PHOTOGRAPHY ORMOND GIGLI
TEXT DEREK BLASBERG, PATRIK SANDBERG & BETHANN HARDISON

JULY 11TH, 2014. EARLIER THIS WEEK, A TRUE ORIGINAL AND ONE OF V'S HEROES PASSED AWAY AT 92. BELOW ARE TWO INTERVIEWS WITH THE OUTSPOKEN EILEEN FORD, FIRST PUBLISHED IN V57 AND V74, RESPECTIVELY. THE FIRST WAS CONDUCTED BY OUR EDITOR-AT-LARGE DEREK BLASBERG AND THE SECOND BY FELLOW MODEL MANAGEMENT MOGUL AND FASHION ACTIVIST BETHANN HARDISON, WITH AN INTRODUCTION BY V'S SENIOR EDITOR, PATRIK SANDBERG. THE MATRIARCH OF THE MODELING INDUSTRY NOT ONLY TURNED PRETTY GIRLS INTO GLOBAL SUPERSTARS, SHE REWROTE THE RULES OF THE MODERN AGENCY. HER WORK AND LEGACY WILL LIVE ON FOREVER

"HEROES: EILEEN FORD" from V57, Spring Preview 2009
TIME magazine once described Eileen Ford, the ironfisted matron of the modern modeling agency, as “part pit bull, part den mother—and all business.” Now, as a spritely 86-year-old, the founder of Ford likes to think of herself as more maternal than canine (“I don’t like pit bulls anyway,” she says when reminded of the quote. “Couldn’t I have been a bichon with a bite?”). Seated in Manhattan’s University Club, which she prefers because it’s “across the street from my hairdresser, down the street from Escada, and around the corner from Michael’s,” Mrs. Ford is perfectly coiffed and smartly attired in gray slacks and a navy cardigan with white piping. Within arm’s length is Jerry Ford, her husband of nearly seven decades. In August, just after this interview was conducted, Mr. Ford passed away, at the age of 83. He was her business partner, protector, and the person whom she called “the other half of my life.” Together they changed the face of fashion.
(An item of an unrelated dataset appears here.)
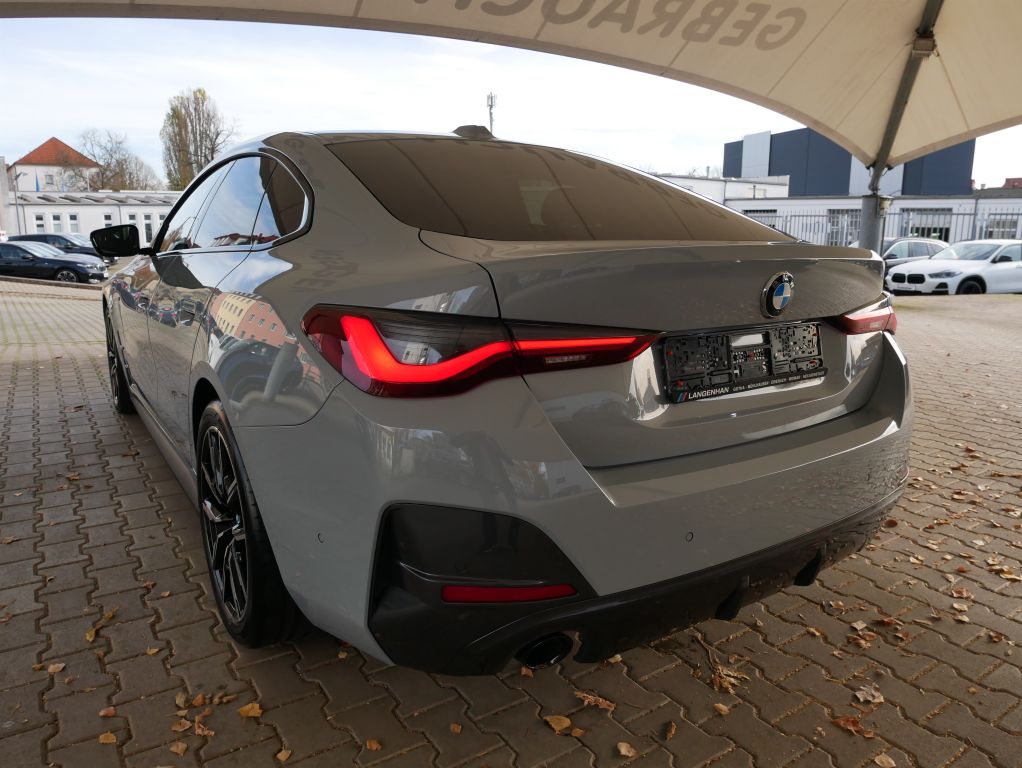 BMW 420 Gran Coupé 2022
Cancellation fees, fitting fees, collecting payment from both the client and model all were Ford initiatives. “Girls used to have to try on endless outfits for nothing,” Mrs. Ford says, in horror. And while her husband handled the numbers, she handled the models, blurring the line between mother and manager, and redefining what it meant to be an agent. As LIFE magazine put it, “She takes sugar and spice and everything nice, and turns it into cold, hard cash.” DEREK BLASBERG

DEREK BLASBERG I’m told you modeled as a young woman,
Mrs. Ford.  

EILEEN FORD Yes, for one month of the summer, for two years, when I was in college. 

DB I imagine it’s changed since then. 
EF Yes, today a model is paid. A lot! I got $5 an hour, which my father thought was a terrible sum of money for a girl, outside of being naughty. We carried hatboxes with our makeup and things. One was so proud to have a hatbox with an agency’s name on it.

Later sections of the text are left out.